To guarantee remoteproc won't overwrite firmware data when copying
back modified resource table, rproc_add_resource_table_entry verifies
first that .resource_table elf section is large enough to support new
resource appending.

Signed-off-by: Loic Pallardy <loic.pallardy@st.com>
---
 drivers/remoteproc/remoteproc_core.c | 81 +++++++++++++++++++++++++-----------
 1 file changed, 56 insertions(+), 25 deletions(-)

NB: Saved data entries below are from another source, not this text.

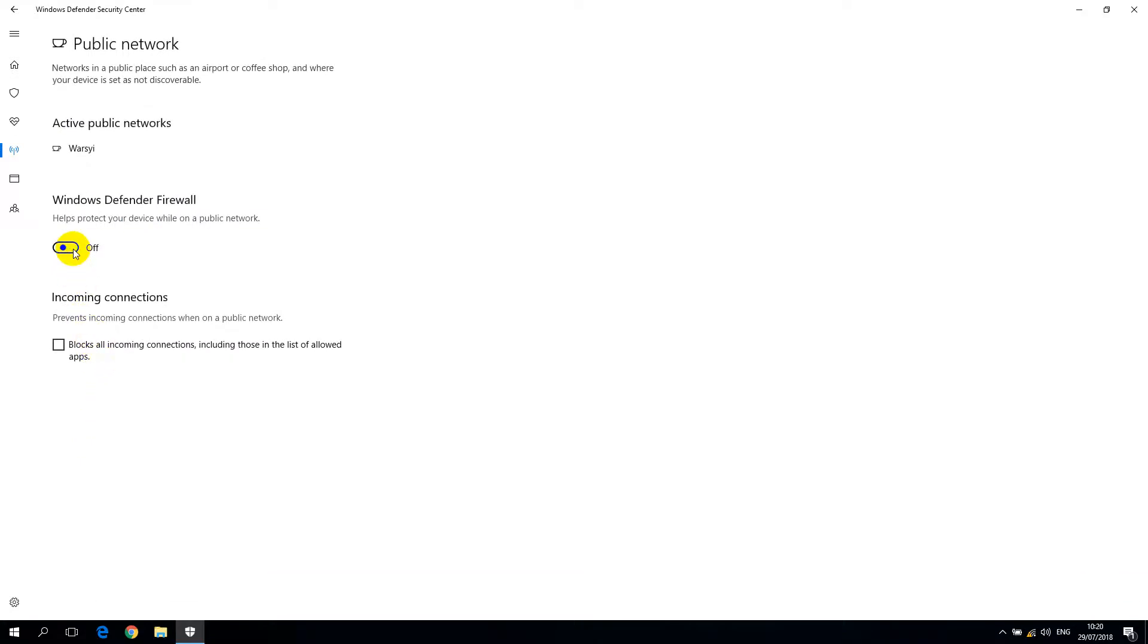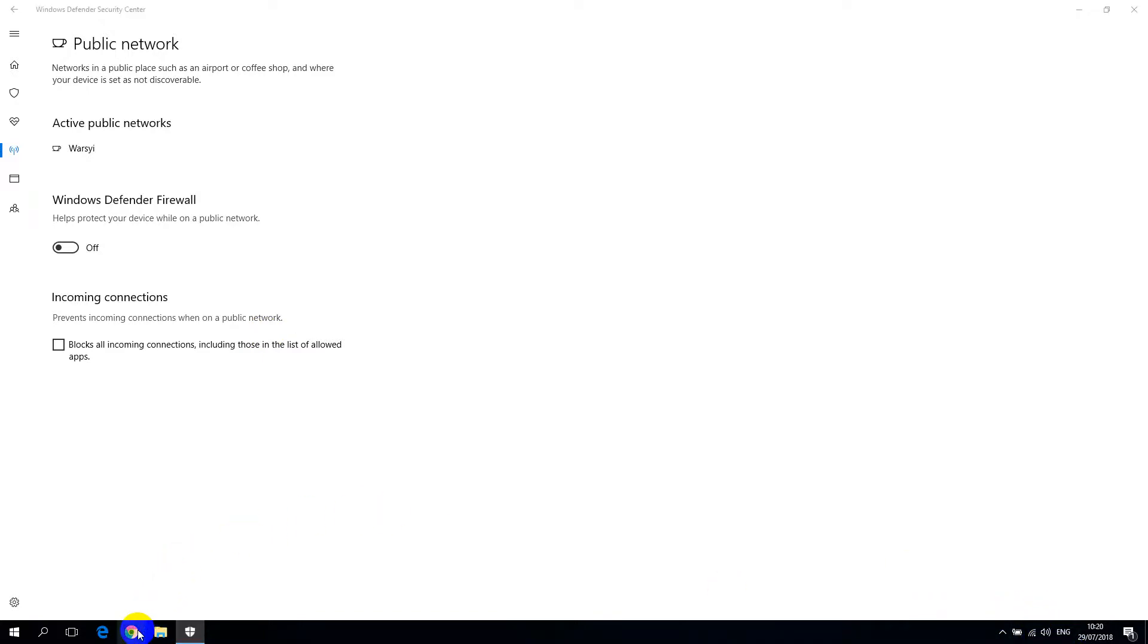And turn it off and click yes. Okay, let's try now. It's now internet access. Oh my god, it works.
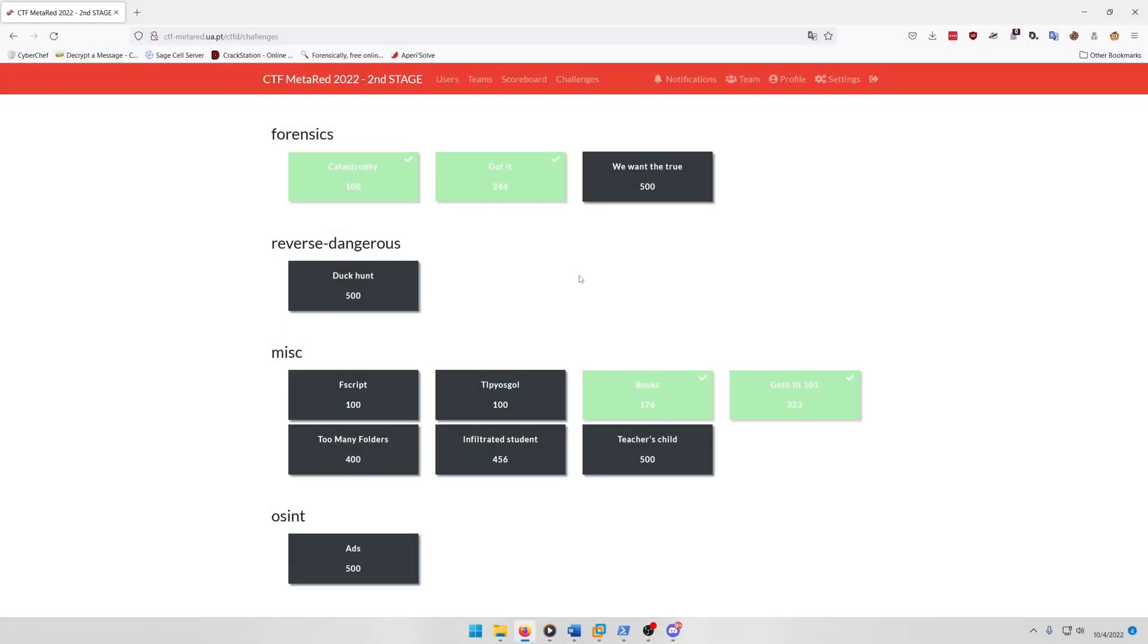Hello world, welcome back to another MetaRed CTF 2022 second stage write-up video. In this video we'll be walking through some of the miscellaneous challenges from the CTF.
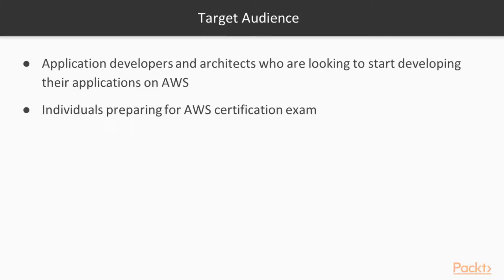The course is geared towards application developers and architects who are looking to start developing or architecting applications on Amazon Web Services, as well as individuals and professionals who are preparing for the AWS Certified Developer Associate exam.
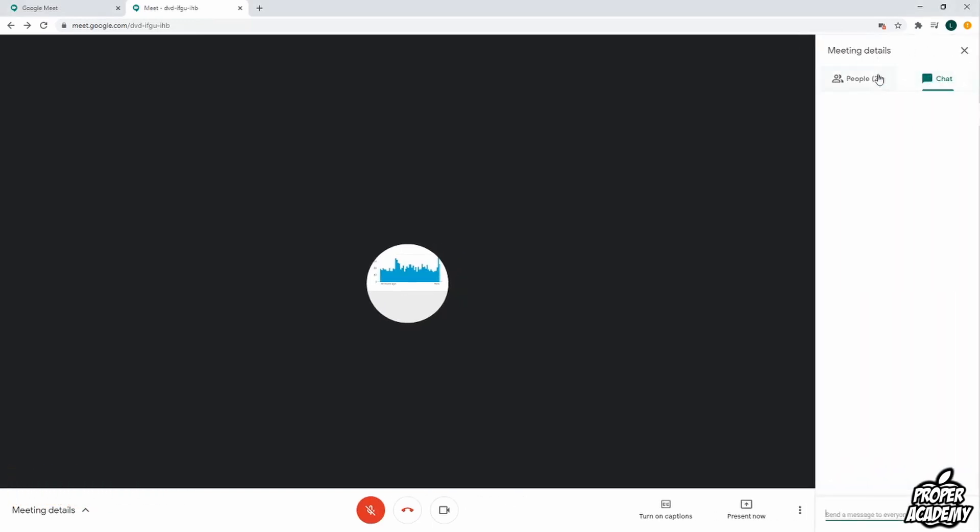and then switch over to the people tab. Once you switch to the people tab, find the person or people that you want to remove from the meeting,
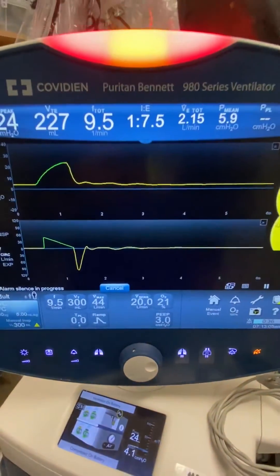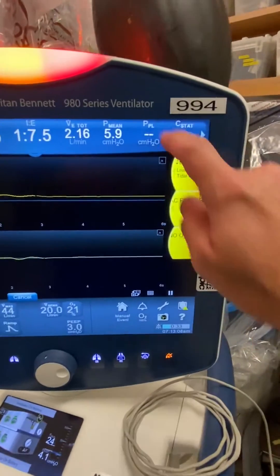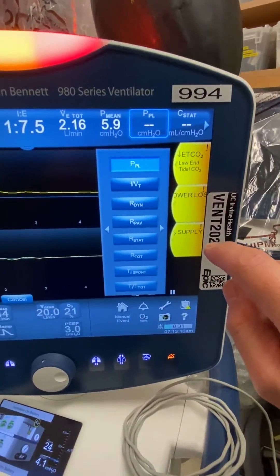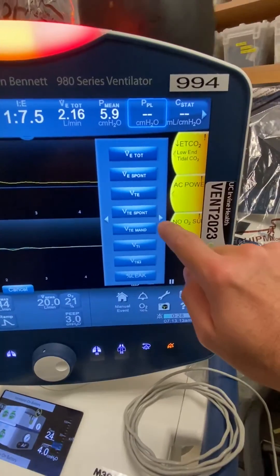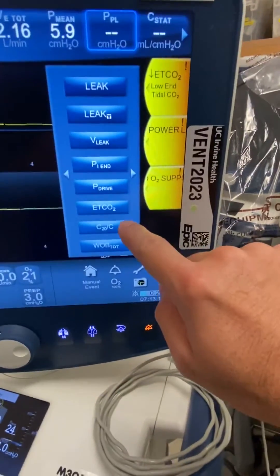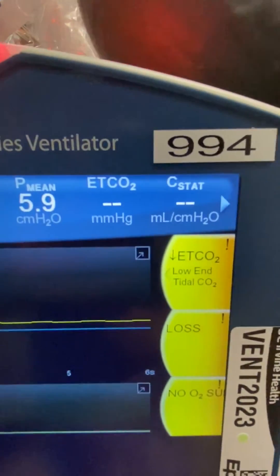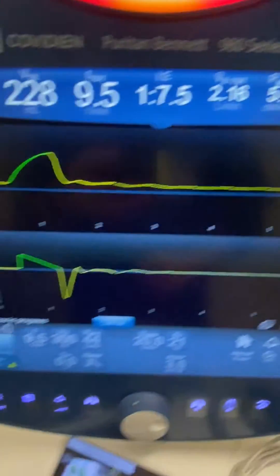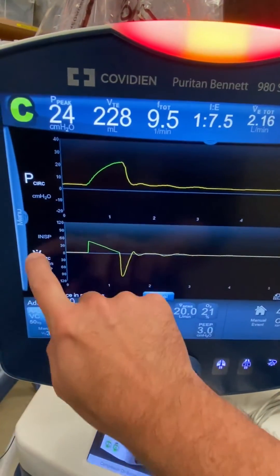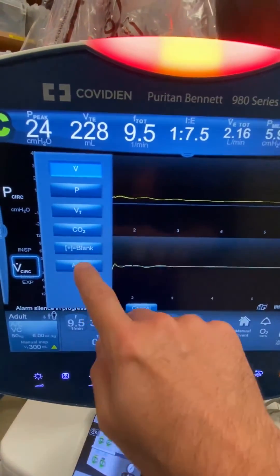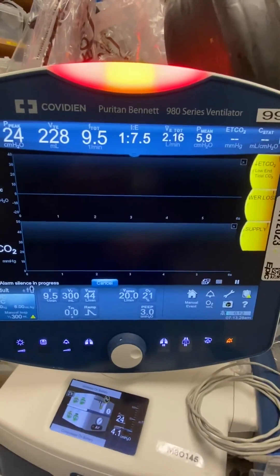Now what if I want to display my capnography waveforms? If I just need the value, I can double tap here, and then I can change what's displayed — all I'm looking for is my end tidal CO2, and that'll display it there as a number. If you want the actual waveform, you can double tap any one of these here, and then change it to your CO2, and then you can get that capnography waveform.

diff --git a/drivers/remoteproc/remoteproc_core.c b/drivers/remoteproc/remoteproc_core.c
index 3847fd4..f4a02f0 100644
--- a/drivers/remoteproc/remoteproc_core.c
+++ b/drivers/remoteproc/remoteproc_core.c
@@ -1057,39 +1057,73 @@ static int rproc_update_resource_table_entry(struct rproc *rproc,
 	return !updated;
 }
 
-static struct resource_table*
-rproc_add_resource_table_entry(struct rproc *rproc,
+static int rproc_add_resource_table_entry(struct rproc *rproc,
 			       struct rproc_request_resource *request,
-			       struct resource_table *old_table, int *tablesz)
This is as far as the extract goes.